[Scraped caption text data]
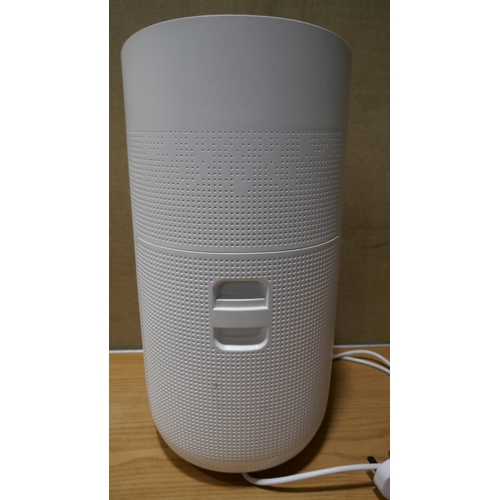 6202 - Meaco Air Purifier Large, Original RRP £159.99 + vat (332-239) *This lot is subject to vat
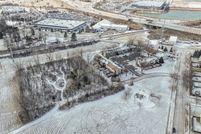 Property for sale in Will County, Illinois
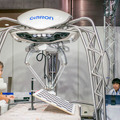 写真100枚を一挙公開「World Robot Summit 2018 / Japan Robot Week 2018」フォトレポート！ by ロボスタカメラ部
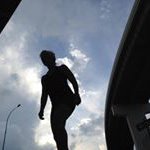 Jamie Hoffpauir - @power_training_ - Instagram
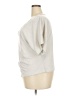 Rouge Silver Cardigan Size 4X - photo 5
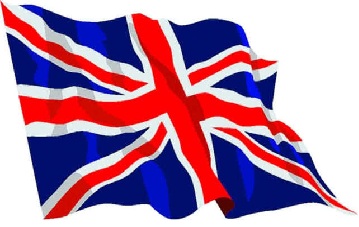 L'ambassade britannique dément les informations du Guardian
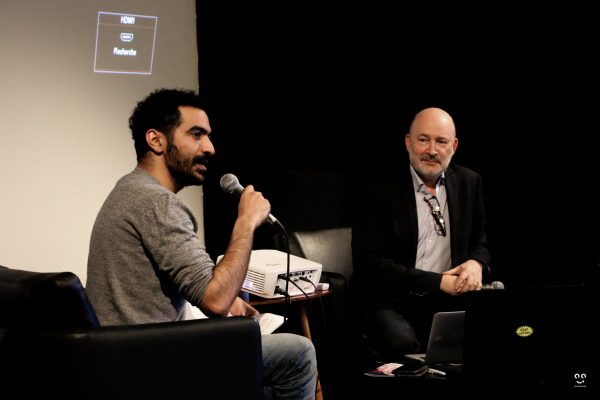 Semaine du cerveau - Conférence Opéra - Mars2023 (7)-min-min Semaine du cerveau - Conférence Opéra - Mars2023 (7)-min-min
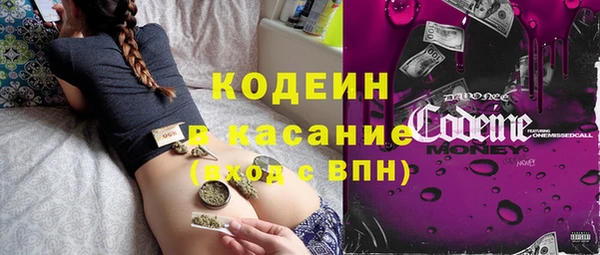 дурь Заводоуковск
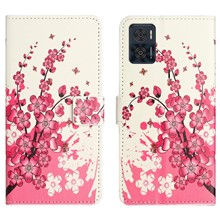 Plum Blossom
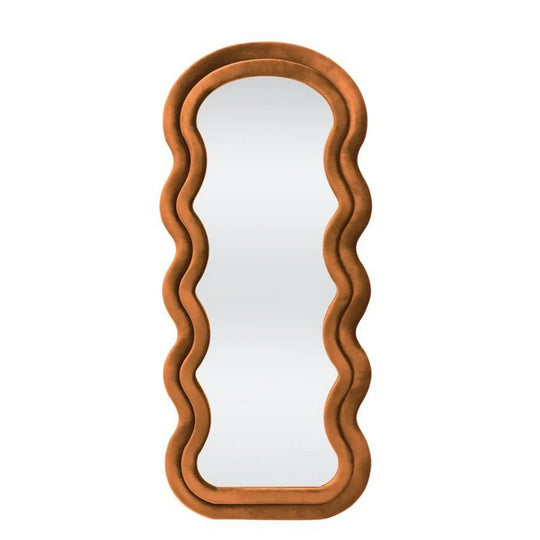 Oglinda HOUSTON OCN-36973, scortisoara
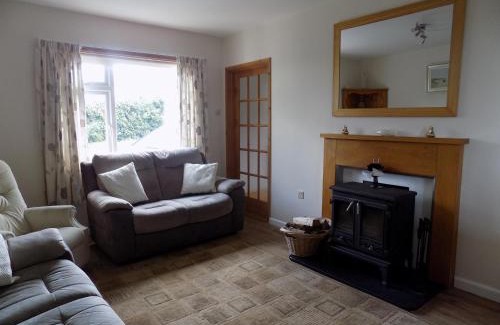 Wainhouse Corner House | Brookfield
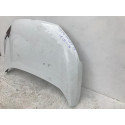 Capo Ford Ecosport 2018 2019 18091108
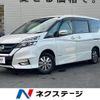 nissan serena 2018 CFJ1694587 image 1
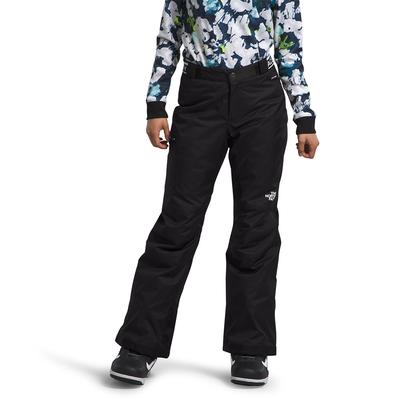 The North Face Freedom Insulated Snow Pants Girls'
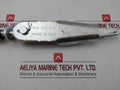 Pfb Elevator Rope Rod Thimble Cf2 9-11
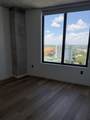 307 5th - Photo 6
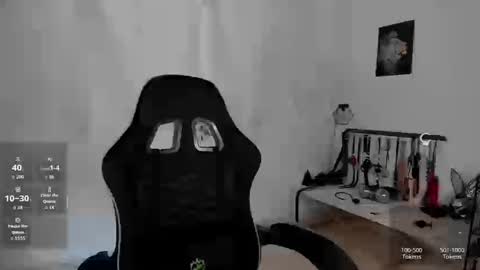 Snapshot of arianna_connor1 chatting on 09-19-25, 05:35 Arianna Connor online show from 09-19-25, 05:35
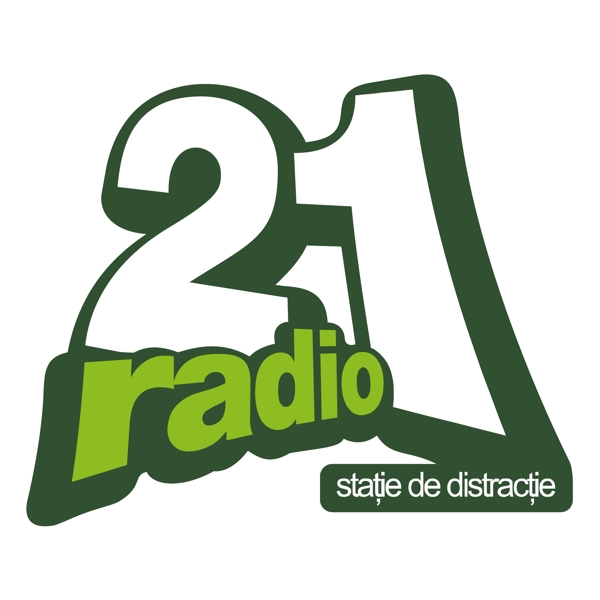 广播电台211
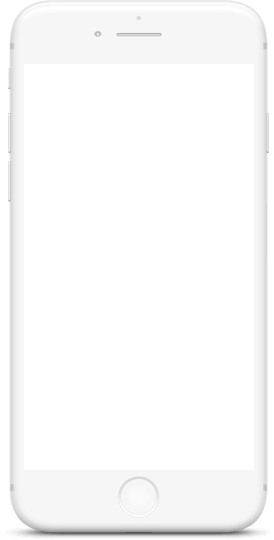 易欧app官方免费下载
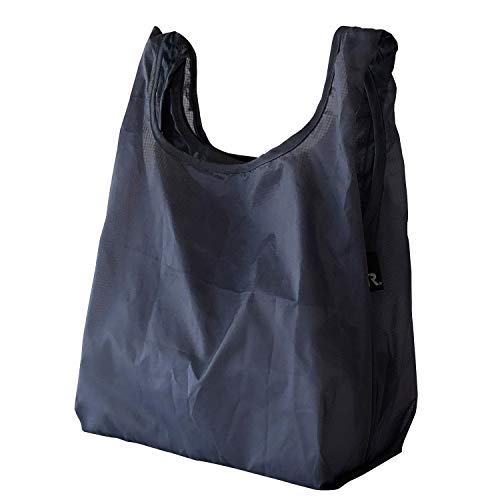 [롼ȡ] Хå ޤꤿ ӥ˸ 롼åѡ MID-Lifty Lazy 6757 GRAY
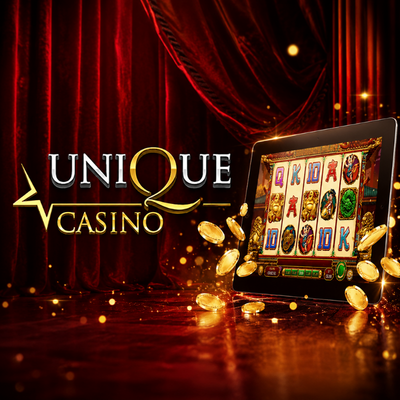 Identité vérifiée sur Unique Casino Mobile : étapes et enjeux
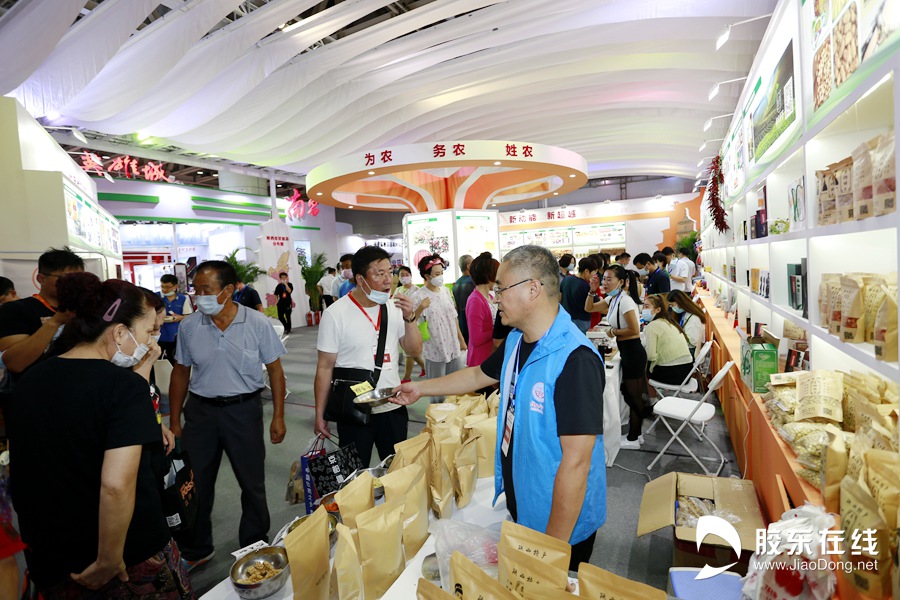 微信图片_20210524154341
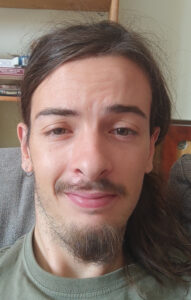 Profilfoto von Mael
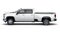 2025 Chevrolet Silverado 3500 HD LT DRW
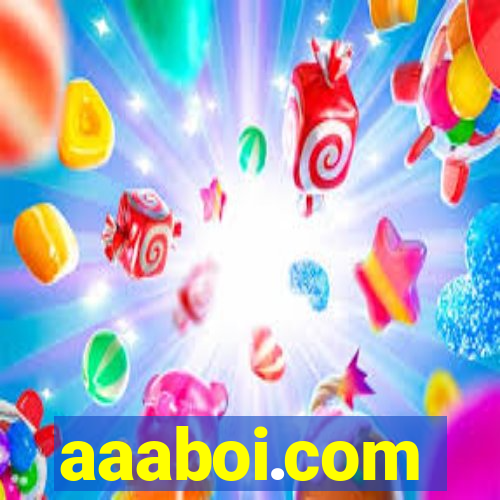 aaaboi.com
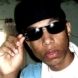Rapper Aragão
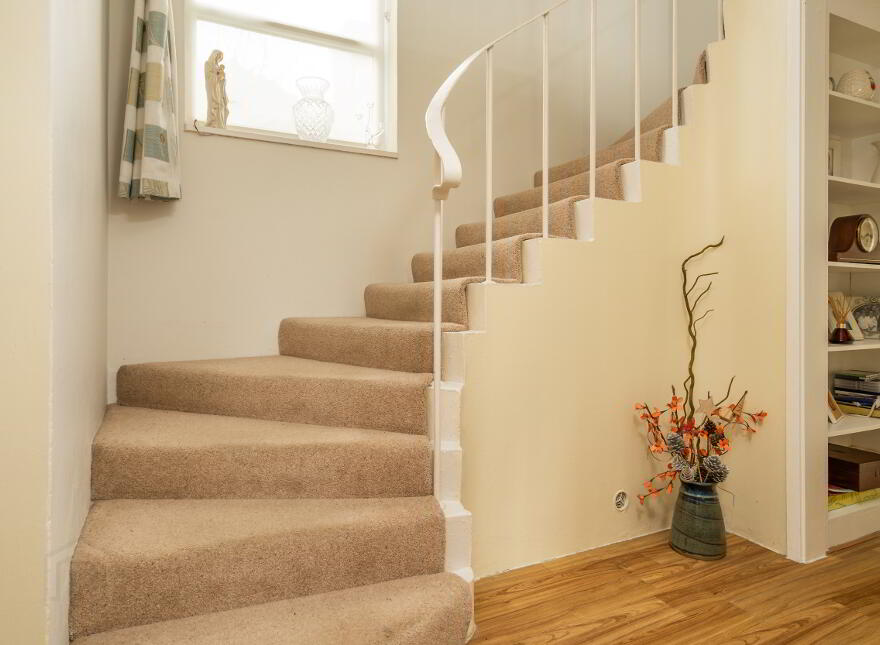 Gollan Lodge, Figary, Fahan, F93W8Y8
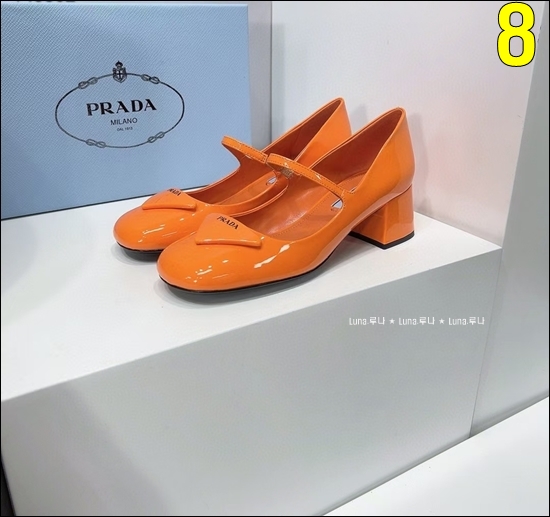 8bc6664e6e9ba3d9ccea712b1bc8b6a1_1641981444_4698.jpg 8bc6664e6e9ba3d9ccea712b1bc8b6a1_1641981444_4698.jpg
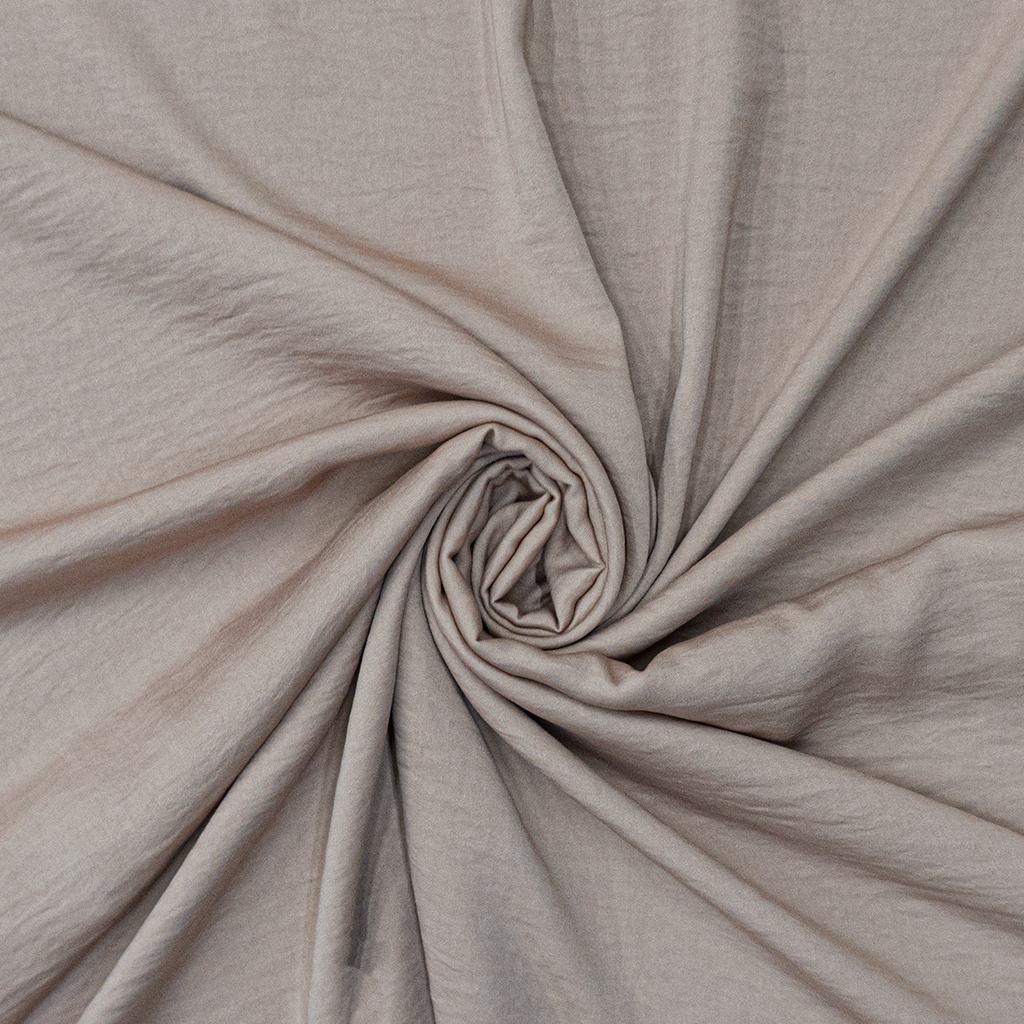 41735FDARK20NUDE231.jpg HAREER MAQSOOL AIRFLOW - Image 1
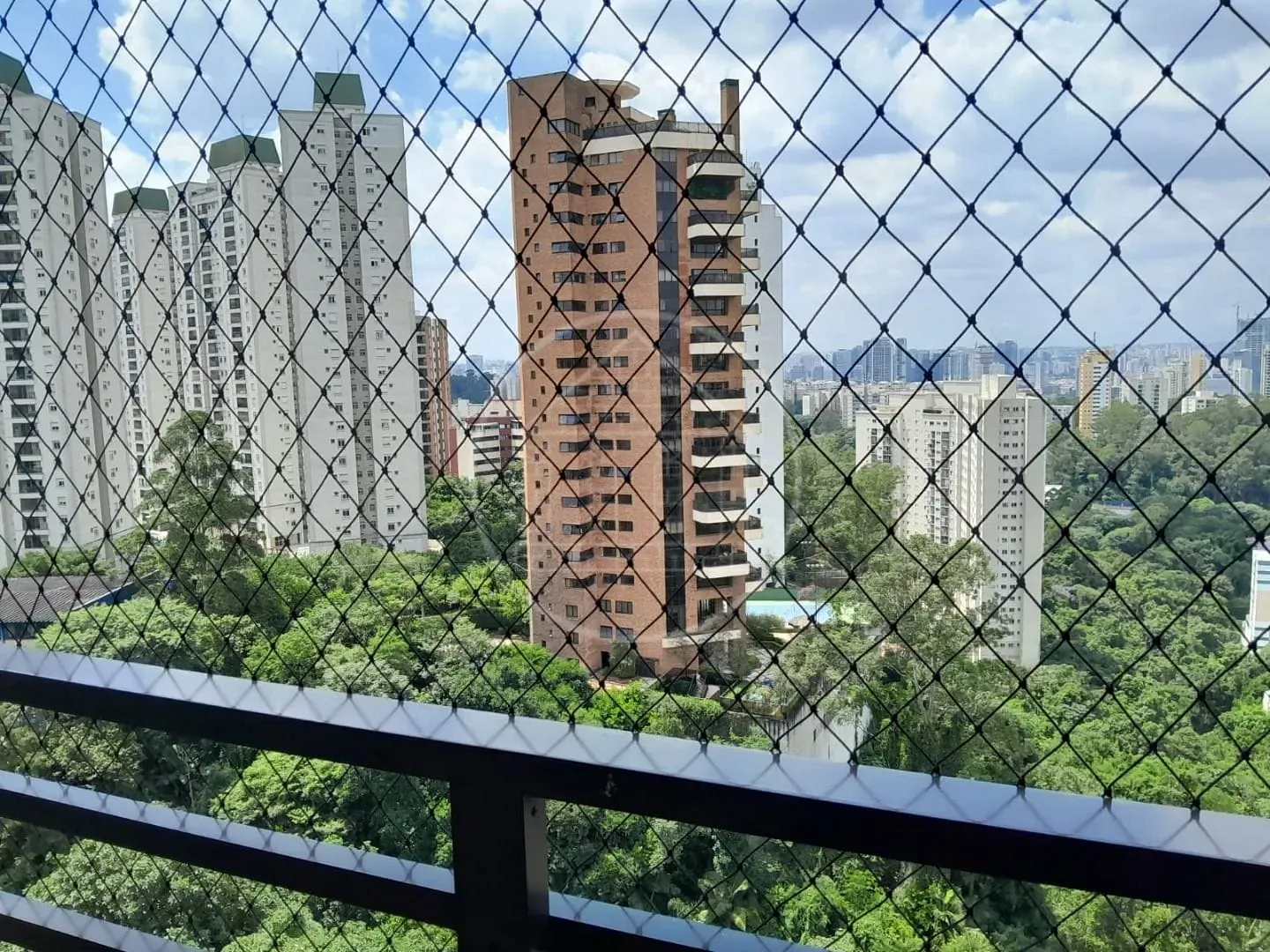 Apartamento, 2 quartos, 80 m² - Foto 13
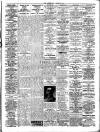 Sydenham, Forest Hill & Penge Gazette Friday 26 March 1915 Page 3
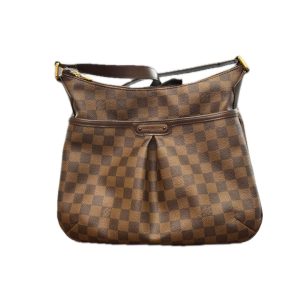 Louis Vuitton ブルームズベリ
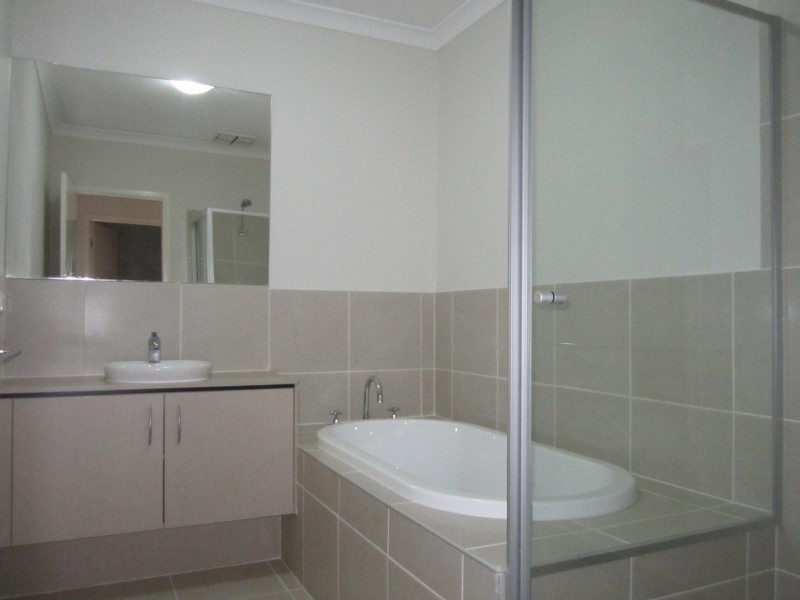 11 Buckskin Drive, Clyde North VIC 3978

ACTION ITEM
Reproduce, exactly and only, the lines of the records above starting at the line with "写真100枚を一挙公開「World Robot Summit" and ending at the line with "nissan serena 2018 CFJ1694587 image 1", both included. Leave every picture out.

ANSWER
 写真100枚を一挙公開「World Robot Summit 2018 / Japan Robot Week 2018」フォトレポート！ by ロボスタカメラ部
 Jamie Hoffpauir - @power_training_ - Instagram
 Rouge Silver Cardigan Size 4X - photo 5
 L'ambassade britannique dément les informations du Guardian
 Semaine du cerveau - Conférence Opéra - Mars2023 (7)-min-min Semaine du cerveau - Conférence Opéra - Mars2023 (7)-min-min
 дурь Заводоуковск
 Plum Blossom
 Oglinda HOUSTON OCN-36973, scortisoara
 Wainhouse Corner House | Brookfield
 Capo Ford Ecosport 2018 2019 18091108
 nissan serena 2018 CFJ1694587 image 1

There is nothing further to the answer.